The following function is used by several of the algorithms. It could be improved, as its comment indicates, but it will work fine with a good RNG. rand()
is not a good RNG.
/* This is not a good implementation of rand_range
* because some rand() implementations exhibit poor randomness
* of low-order bits. (And also the bias issue if RAND_MAX is
* small.) Better random number generators exist :) */
/* Produces a random integer in the half-open range [lo, hi) */
int rand_range(int lo, int hi) {
return lo + rand() % (hi - lo);
}
1. Reservoir sampling
A simple algorithm which works with large sample sizes is reservoir sampling:
/* vec must be a vector of size at least N. Randomly
* fills the vector with n 1s and N-n 0s.
*/
void random_fill(int vec[], int N, int n) {
int i;
for (i = 0; n; ++i) {
if (rand_range(0, N-i) < n) {
vec[i] = 1;
--n;
}
else
vec[i] = 0;
}
for (; i < N; ++i) vec[i] = 0;
}
2. Shuffling indices
Another possibility is to generate the indices of the 1s by doing a prefix shuffle on the list of indices:
int random_fill(int vec[], int N, int n) {
/* For simplicity, use a temporary vector */
int* inds = malloc(N * sizeof *inds);
for (int i = 0; i < N; ++i) inds[i] = i;
for (int i = 0; i < n; ++i) {
int j = rand_range(i, N);
int t = inds[j]; inds[j] = inds[i]; inds[i] = t;
}
for (int i = 0; i < N; ++i) vec[i] = 0;
for (int i = 0; i < n; ++i) vec[inds[i]] = 1;
free(inds);
}
3. Select from the enumerated sequence
If N choose n
is not too big (that is, you can compute it without integer overflow), one way of generating a random sequence is to choose a random integer less than N choose n
and then produce the combination with that ordinal using some enumeration of possible sequences. (If you are using rand()
, you should be aware that even if N choose n
is computable without overflow, it might still be greater than RAND_MAX
, in which case rand()
will not generate the full range of possible ordinals.)
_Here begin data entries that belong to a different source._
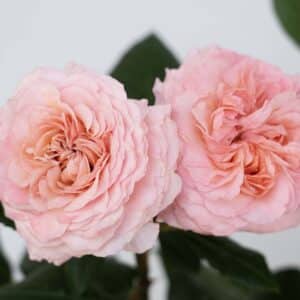 Rose, Hybrid Tea 'Martha Stewart'
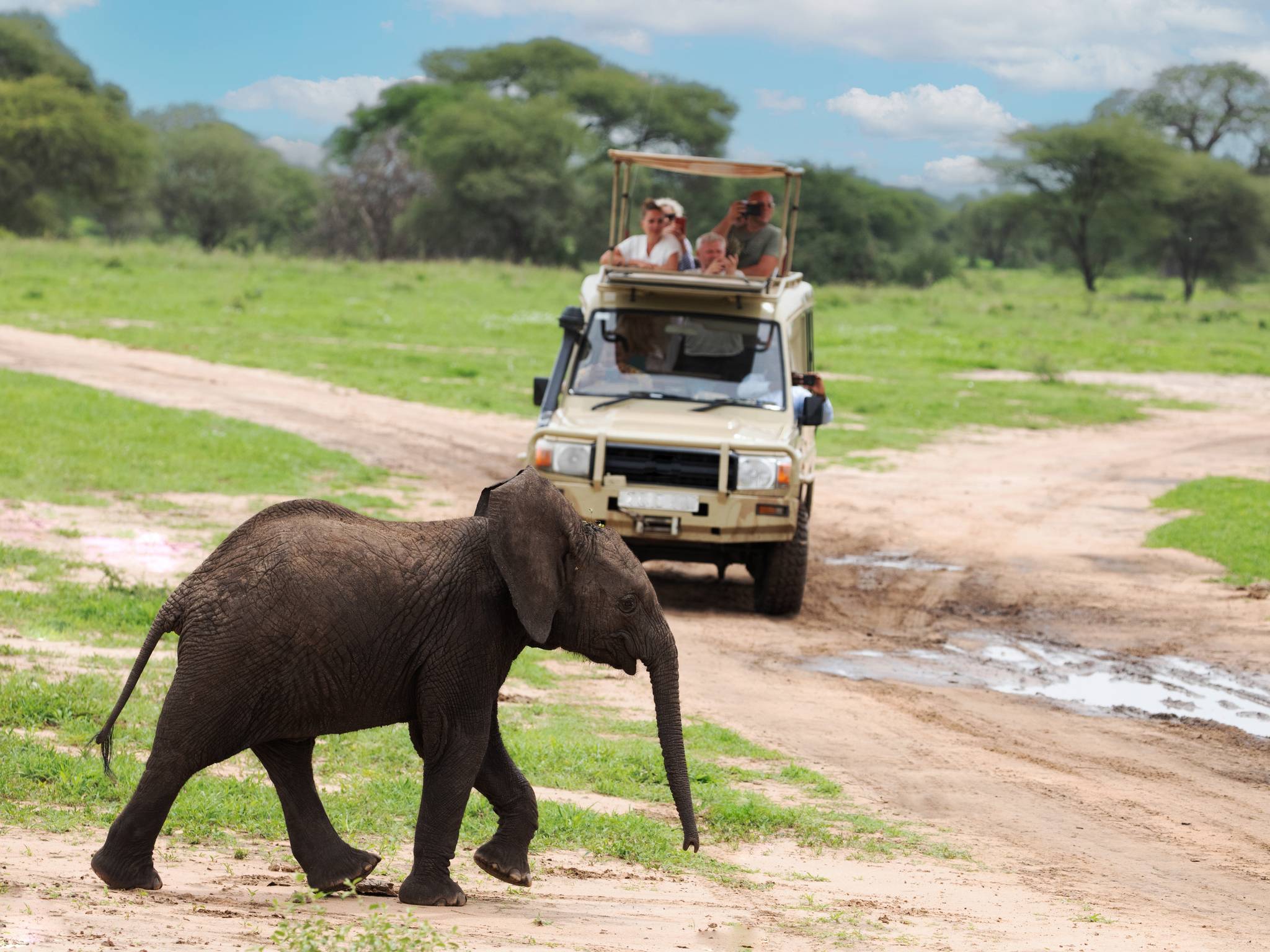 Tour safari in Tanzania cover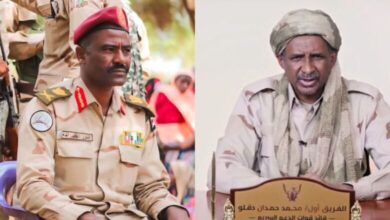 unnamed file 213 780x470 1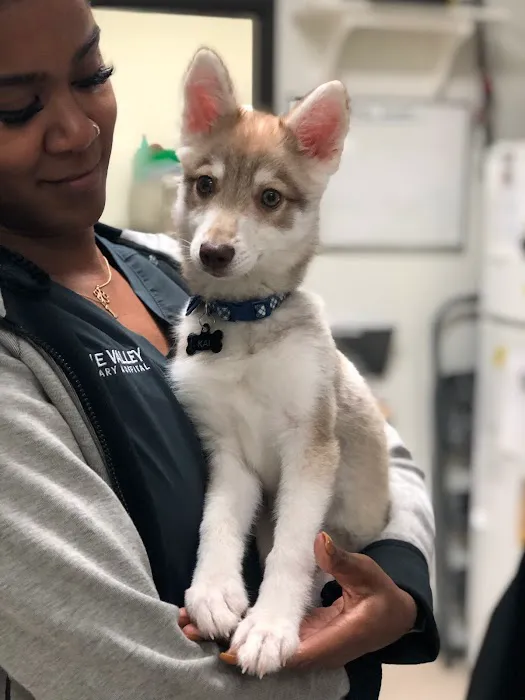 Irvine Valley Veterinary Hospital Emergency 5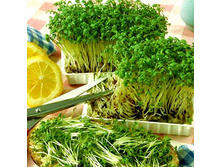 ����������� ���. ����4.jpg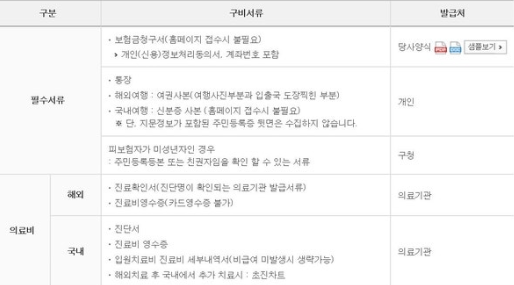 현대해상 여행자 보험 후기 및 보험료(DB, 삼성화재, 롯데, AXA, 캐롯 비교)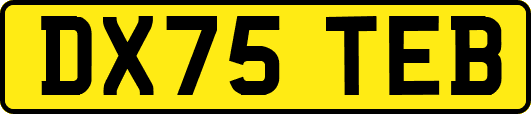 DX75TEB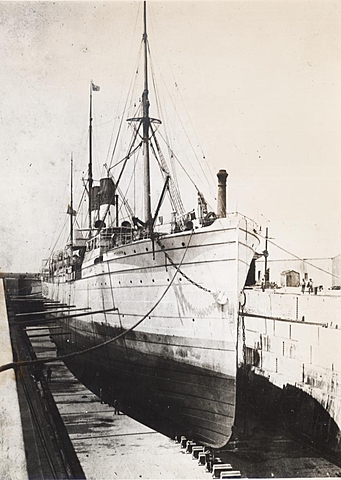 una epidemia de cólera transmitida a Europa a través de personas infectadas que viajaban en barcos procedentes de la India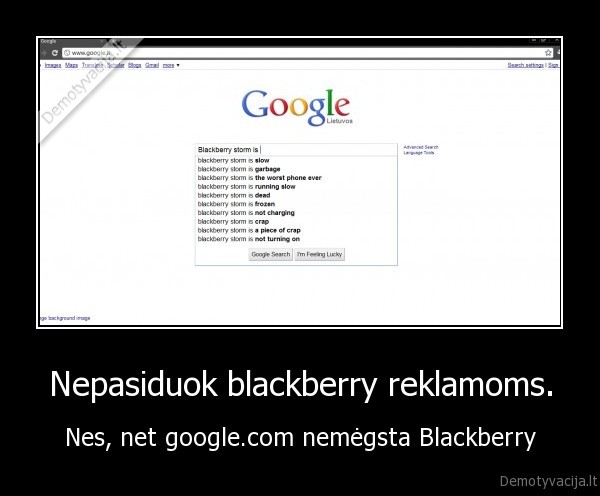 blackberry,storm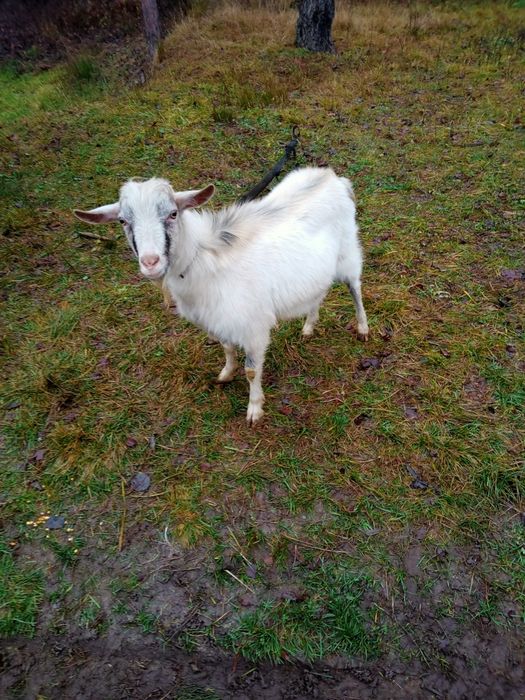 Продам молодого  козла або здам в аренду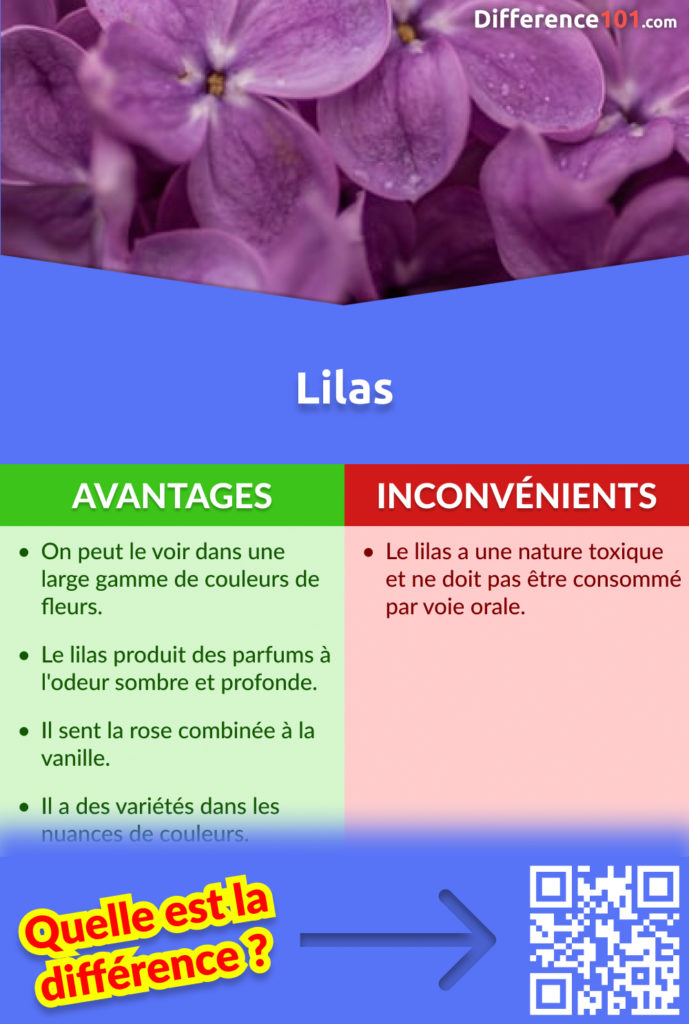 Les avantages et inconvénients du lilas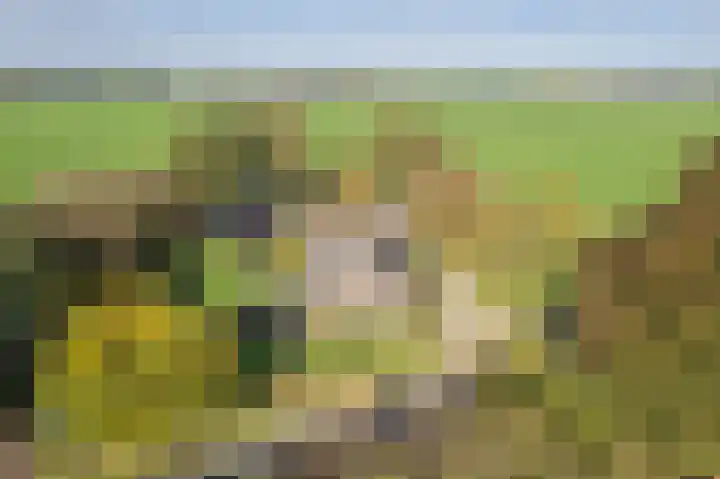 Kerkstraat 93 Drempt thumbnail 88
The above reservoir sampling algorithm can be adapted directly to produce an enumeration:
/* Fills vec with the kth sequence of n 1s and N-n 0s, using
* an unspecified ordinal sequence; every value of k between 0
* and (N choose n) - 1 produces a distinct sequence.
*/
void ordinal_fill(int vec[], int N, int n, int k) {
for (int i = 0; N; ++i, --N) {
int r = (k * n) % N;
if (r < n) {
vec[i] = 1;
k = (k * n) / N;
--n;
} else {
vec[i] = 0;
k = (k * (N - n)) / N;
}
}
}
(live on ideone)
The program above does not make any assumptions about the ordinal value other
than that it is positive and fits in an integer. In effect, it will be taken
modulo N choose n
, although that value is never explicitly computed. If you
used uint64_t
instead of int
and a random number generator which could
produce random numbers in a large range, you could generate random sequences by just feeding the function a random number. Of course, this wouldn't guarantee that the sequences were unique.
In essence, the function works by using the ordinal value (k) as the source of the "random" numbers required by the reservoir sampling algorithm. Every ordinal number (mod N choose n
) corresponds to a different sequence (proof left as an exercise). Because the ordinal space is partitioned by modulo rather than magnitude, the ordinal sequence is probably not particularly useful as a sequence, but it is guaranteed to be a complete sequence.
Partitioning by magnitude (using something like the combinatorial numbering
system) might be faster -- it doesn't require division, for example -- but it would require efficient access to binomial numbers, which the above function does not need. If the binomial coefficients are computed for each step, then a division will be needed, removing a lot of the speed advantage.